I need help solving this set of equations by substitution.
xy=2
3x − y + 5 = 0
I originally used (3x+5=y) and came up with (x=.333 and x=-2) but when I substitute it into the original equation I get (y=2 and y=1) and it is wrong according to my homework. Please help me!
ok, go with y = 3x+5
into the 1st
x(3x+5) = 2
3x^2 + 5x - 2 = 0
((3x-1)(x+2) = 0
x = 1/3 or x = -2 --- > you are correct
if x = 1/3, y= 3(1/3) + 5 = 6
if x = -2 , y = 3(-2) + 5 = -1
so x=1/3, y=6 OR x=-2, y =-1
I don't know how you got your values ???
To solve this set of equations by substitution, you first need to isolate one variable in one equation and substitute it into the other equation.
Let's start with the first equation: xy = 2.
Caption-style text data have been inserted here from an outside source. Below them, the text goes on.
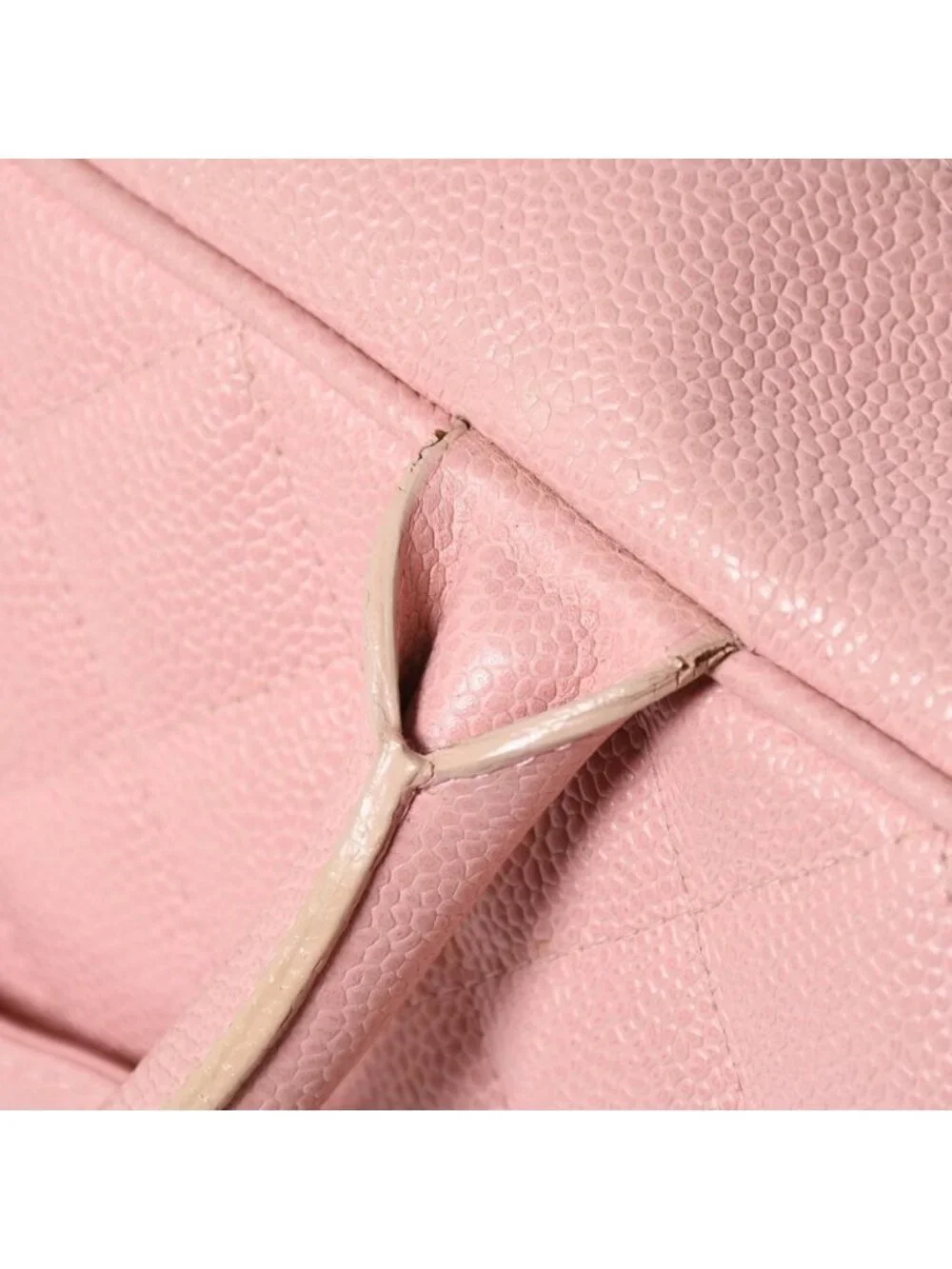 Chanel Jumbo CC Logo Quilted Bowling Bag Caviar Leather Pink Gold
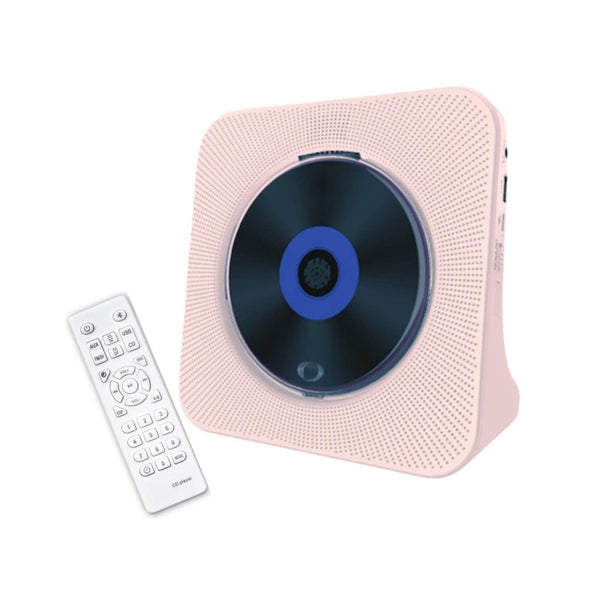 Tooleroo USB Rechargeable Desktop CD Player Speaker - Bluetooth Portable Pink Carousel 1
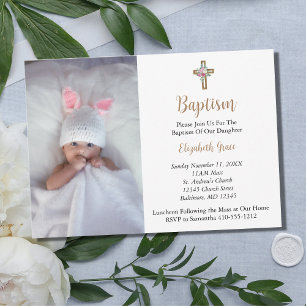 Invitación Baptismo de la foto Christening Baby Girl Boy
Since the goal is to isolate one variable, we can isolate y by dividing both sides of the equation by x:
y = 2/x.
Now, we substitute this expression for y into the second equation:
3x - (2/x) + 5 = 0.
To simplify this equation, we can multiply through by the denominator x to get rid of the fraction:
3x^2 - 2 + 5x = 0.
Now we have a quadratic equation. To solve for x, we can rearrange the terms and set the equation equal to zero:
3x^2 + 5x - 2 = 0.
Next, you can either factor, complete the square, or use the quadratic formula to solve for x. In this case, the quadratic equation can be factored:
(3x - 1)(x + 2) = 0.
This gives us two possible solutions:
1) 3x - 1 = 0, which gives x = 1/3.
2) x + 2 = 0, which gives x = -2.
Now that we have the possible values for x, we can substitute them back into the original equation to find the corresponding y-values.
For x = 1/3:
y = 2/(1/3) = 6.
For x = -2:
y = 2/(-2) = -1.
So the solutions to the system of equations are:
x = 1/3, y = 6 (Solution 1)
x = -2, y = -1 (Solution 2)
Make sure to double-check your calculations and ensure that you've correctly substituted the values back into the original equations.